··· Records supplied ···

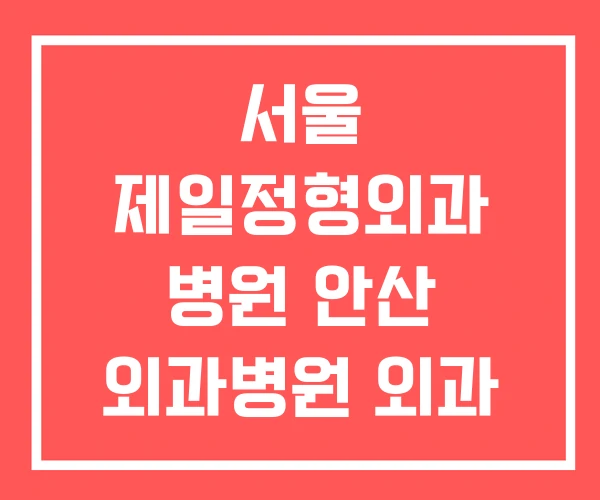 서울 제일정형외과 병원 안산 외과병원 외과 영어로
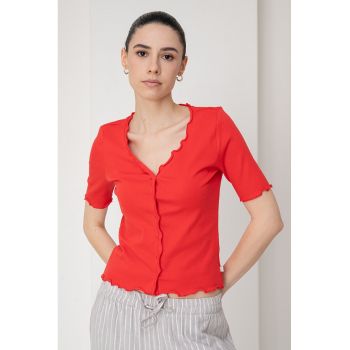 Bluza crop cu maneci scurte si terminatii valurite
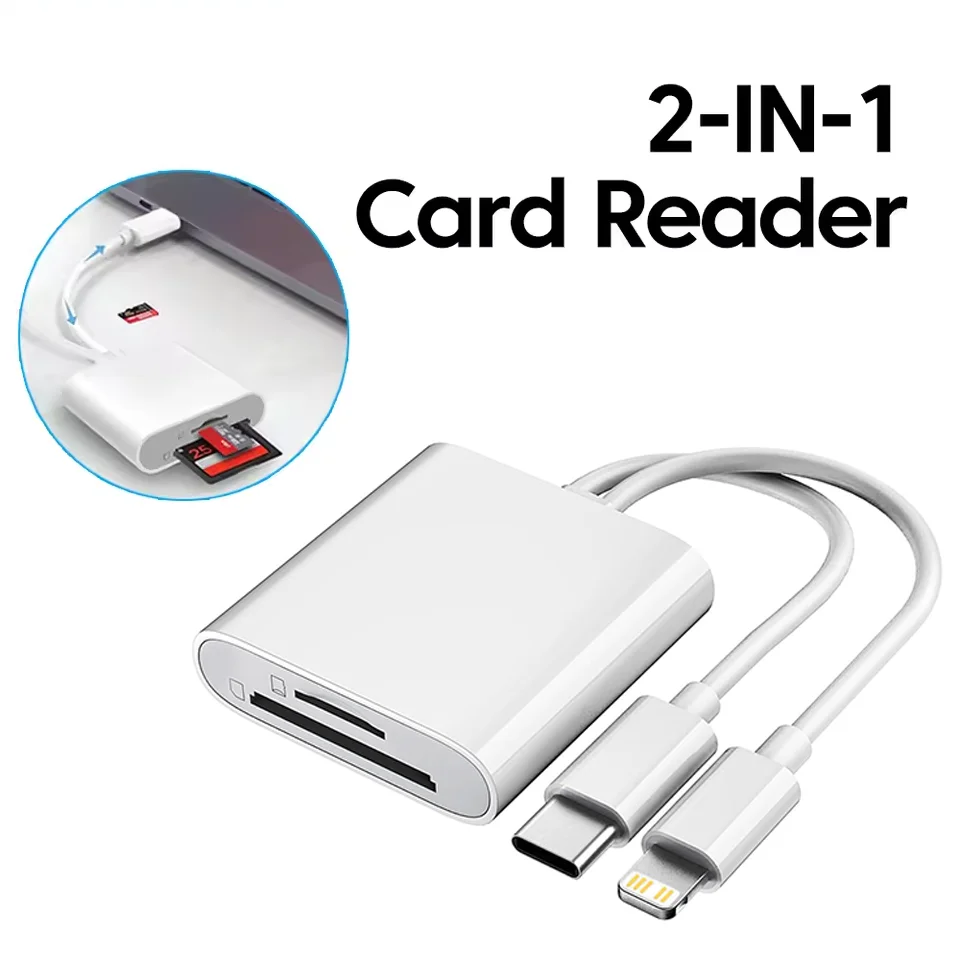 

Устройство чтения карт памяти 4-в-1, адаптер Lightning и USB-C SD/TF, устройство чтения карт памяти Plug & Play для iPhone/iPad/Samsung/Xiaomi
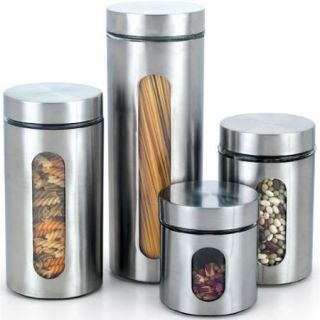 Cook N Home 4 piece Glass Canister with Stainless Window Set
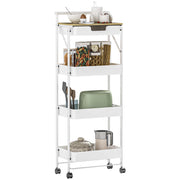 Carrello Multilivello con Cassetto e Ceste ¨C Minimal ¨C Bianco 40x30x70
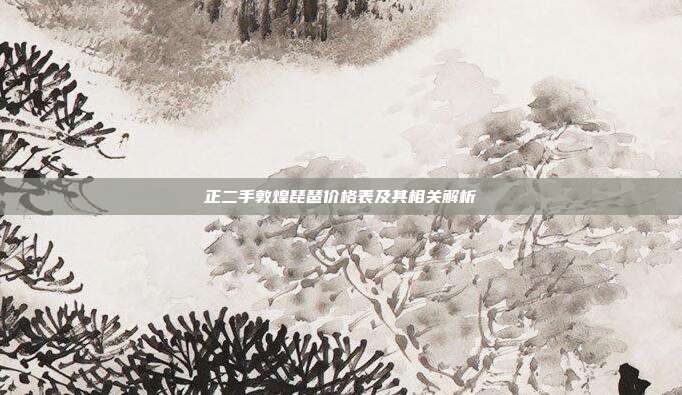 正二手敦煌琵琶价格表及其相关解析
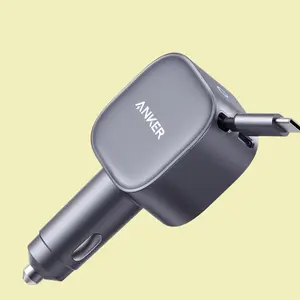 Anker USB-C Car Charger, 75W Max Ultra-Compact Type-C Fast Car Charger with Built-in Retractable Cable Car Adapter for iPhone 15/14 Series, Samsung S24/S23, MacBookPro/Air, iPad, and More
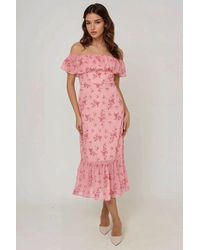 Hiccup - Off Shoulder Flower Pattern Bodycon Midi Dress - Lyst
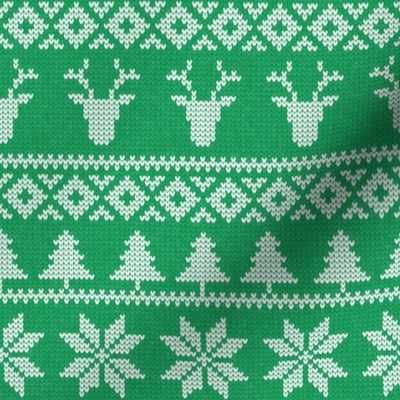 fair isle deer (b green) || snowflake || winter knits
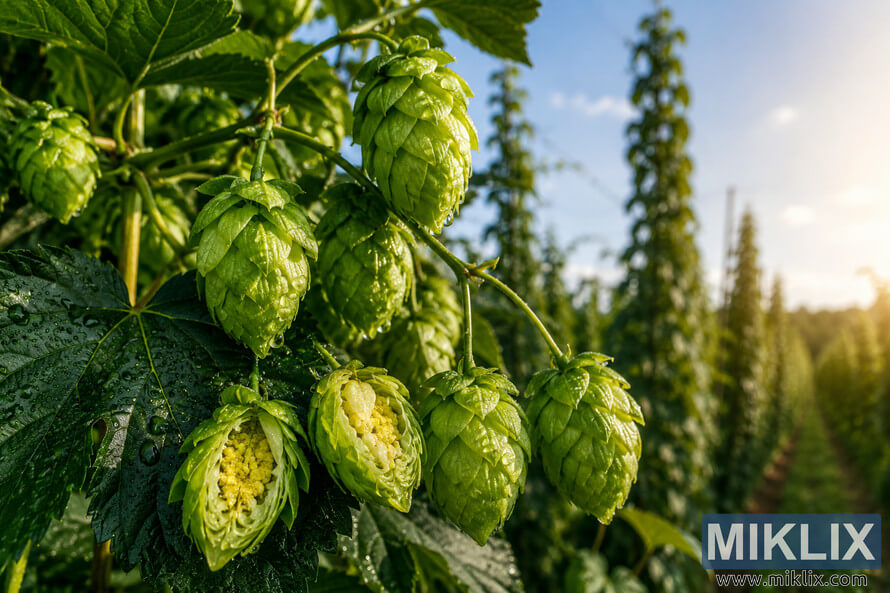 Close-up of dew-covered green Early Prolific hop cones on a vine, with one cone open to show yellow lupulin and a sunny hop field blurred in the background. Close-up of dew-covered green Early Prolific hop cones on a vine, with one cone open to show yellow lupulin and a sunny hop field blurred in the background.
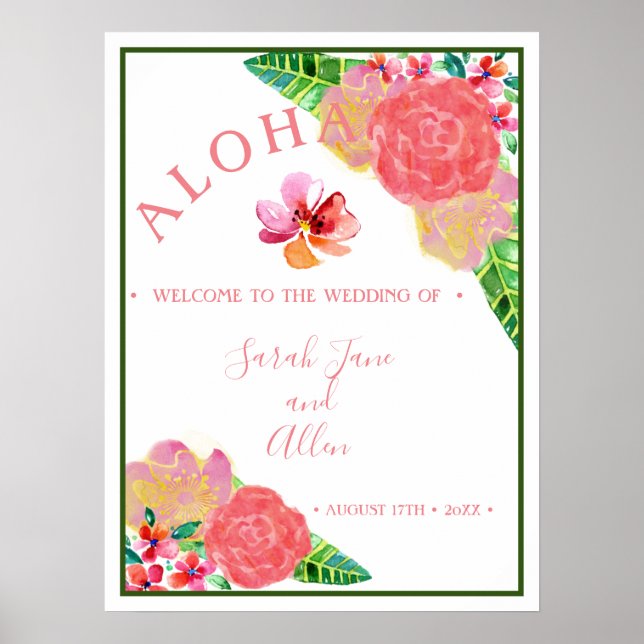 Hawaiian Aloha Wedding Welcome Poster (Vorne)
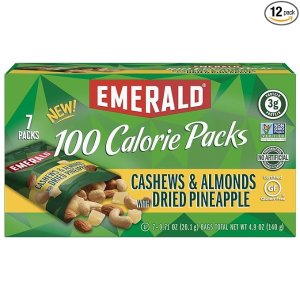 Emerald Nuts Cashews and Almonds with Dried Pineapple 100 Calorie Packs, 7 Count (Pack of 12)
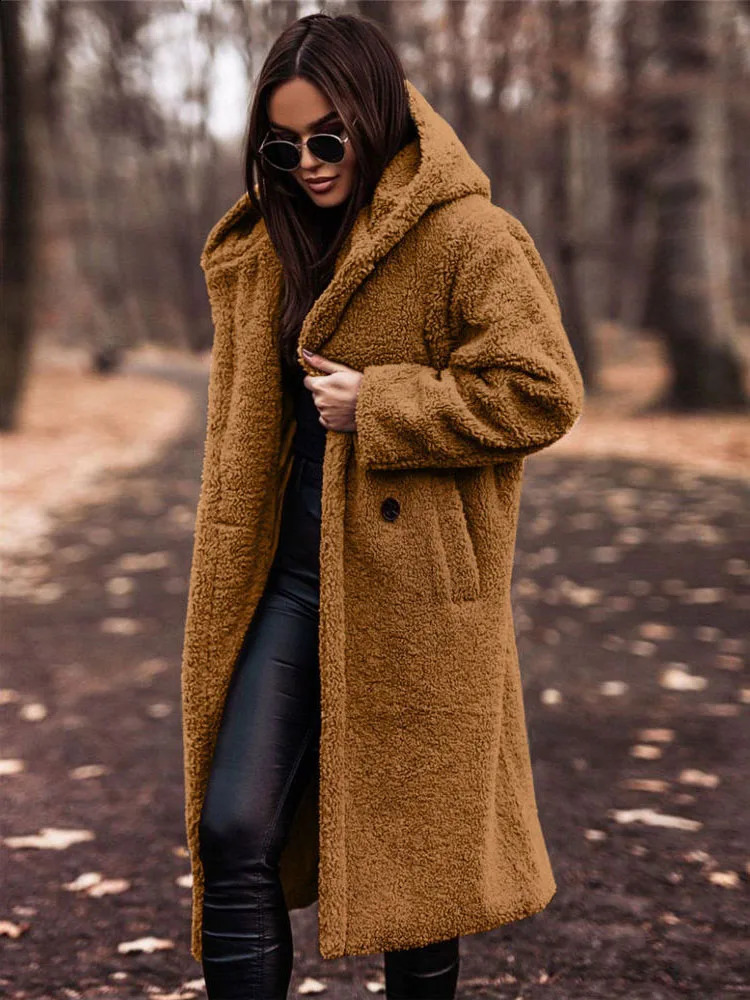 Womens faux fur coat teddy wool hooded robe Sherpa fluffy and chic open collar winter plush coat 240919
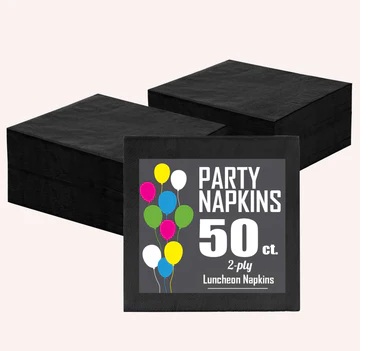 Lunch Napkin Black-50 Count Package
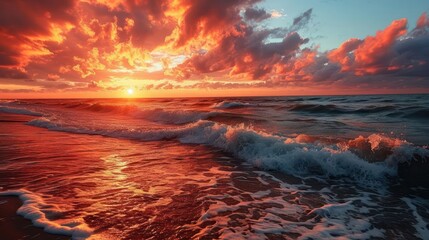 the dramatic beauty of a fiery sunset over the open ocean, where the sun paints the sky with intense reds and oranges, reflecting in the waves below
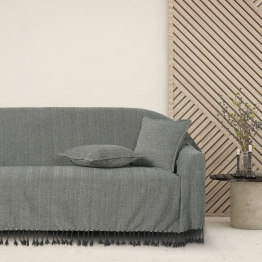 Ριχτάρι Chenille Τριθέσιος 180x300εκ. Throws Line 0275 Dark Grey Das Home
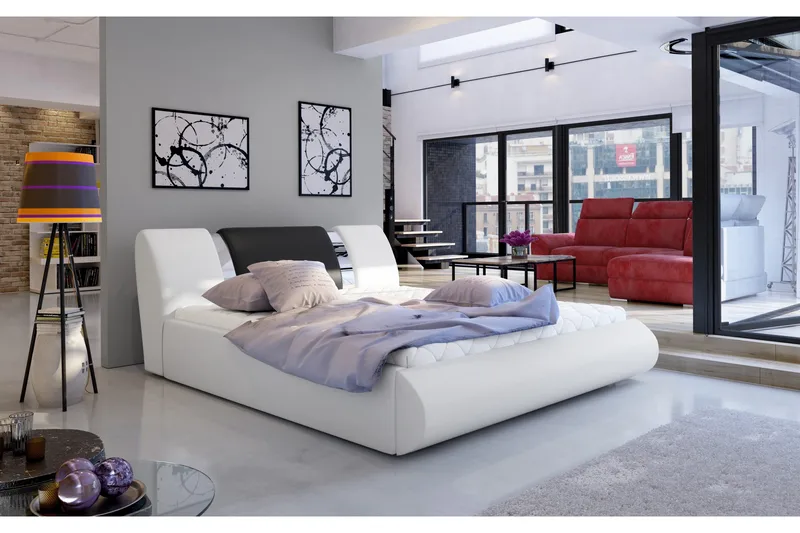 Perow Komplett Sängpaket 180x200 cm i Läder med Sänggavel + Bäddmadrass, Vit|Svart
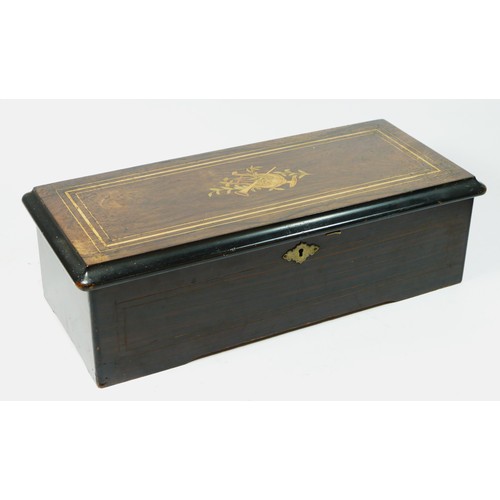 265 - A 19th century Swiss rosewood and boxwood inlaid 6 air music box, 57 tooth comb (3 missing), 43 x 19... 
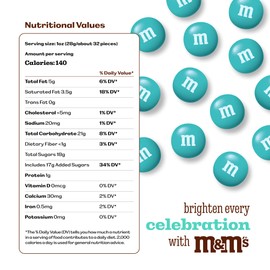 M&M'S Aqua Milk Chocolate Candy, 2lbs of M&M'S in Resealable Pack for Candy Bars, Birthday Parties, Graduations, Dessert Tables & DIY Favors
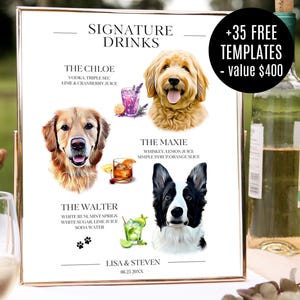 Custom Pet Portrait Drink Sign: Dog & Cat Wedding Cocktails (Digital Download)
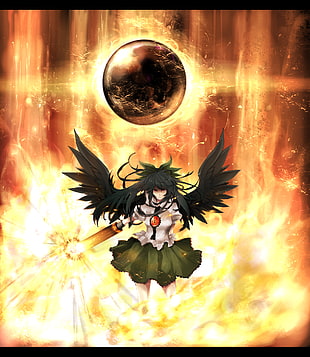 female anime character illustratiomn, Touhou, Reiuji Utsuho, green, skirt HD wallpaper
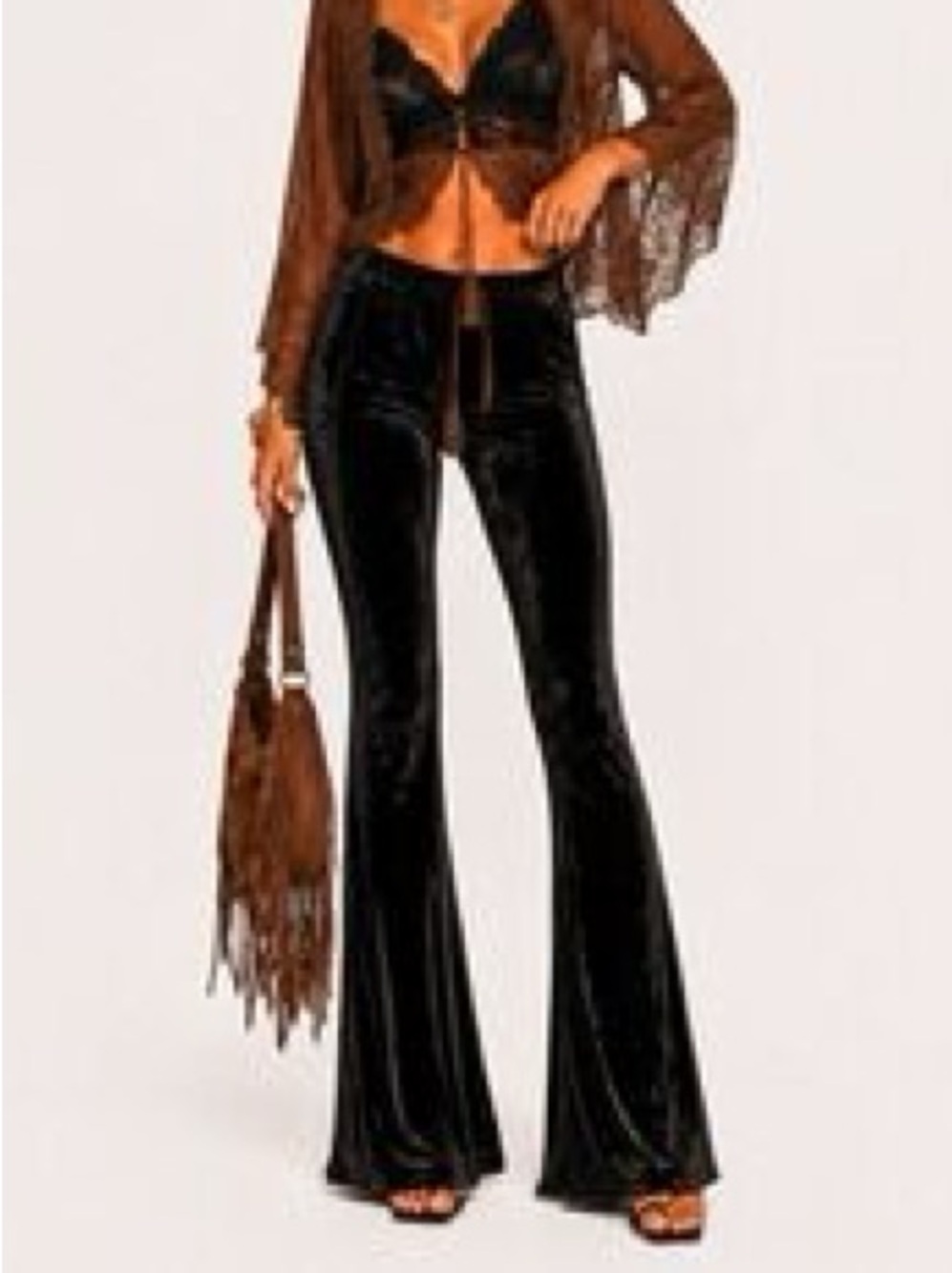 Three Bird Nest Cher Velvet Flare Pants in Black Small - Picture 2 of 10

···

* Brief: Beginning at the line that has "fair isle deer" and ending at the line that has "Lunch Napkin Black-50 Count Package", restate the listing above word for word, pictures left out.

* Result of the exercise:
 fair isle deer (b green) || snowflake || winter knits
 Close-up of dew-covered green Early Prolific hop cones on a vine, with one cone open to show yellow lupulin and a sunny hop field blurred in the background. Close-up of dew-covered green Early Prolific hop cones on a vine, with one cone open to show yellow lupulin and a sunny hop field blurred in the background.
 Hawaiian Aloha Wedding Welcome Poster (Vorne)
 Emerald Nuts Cashews and Almonds with Dried Pineapple 100 Calorie Packs, 7 Count (Pack of 12)
 Womens faux fur coat teddy wool hooded robe Sherpa fluffy and chic open collar winter plush coat 240919
 Lunch Napkin Black-50 Count Package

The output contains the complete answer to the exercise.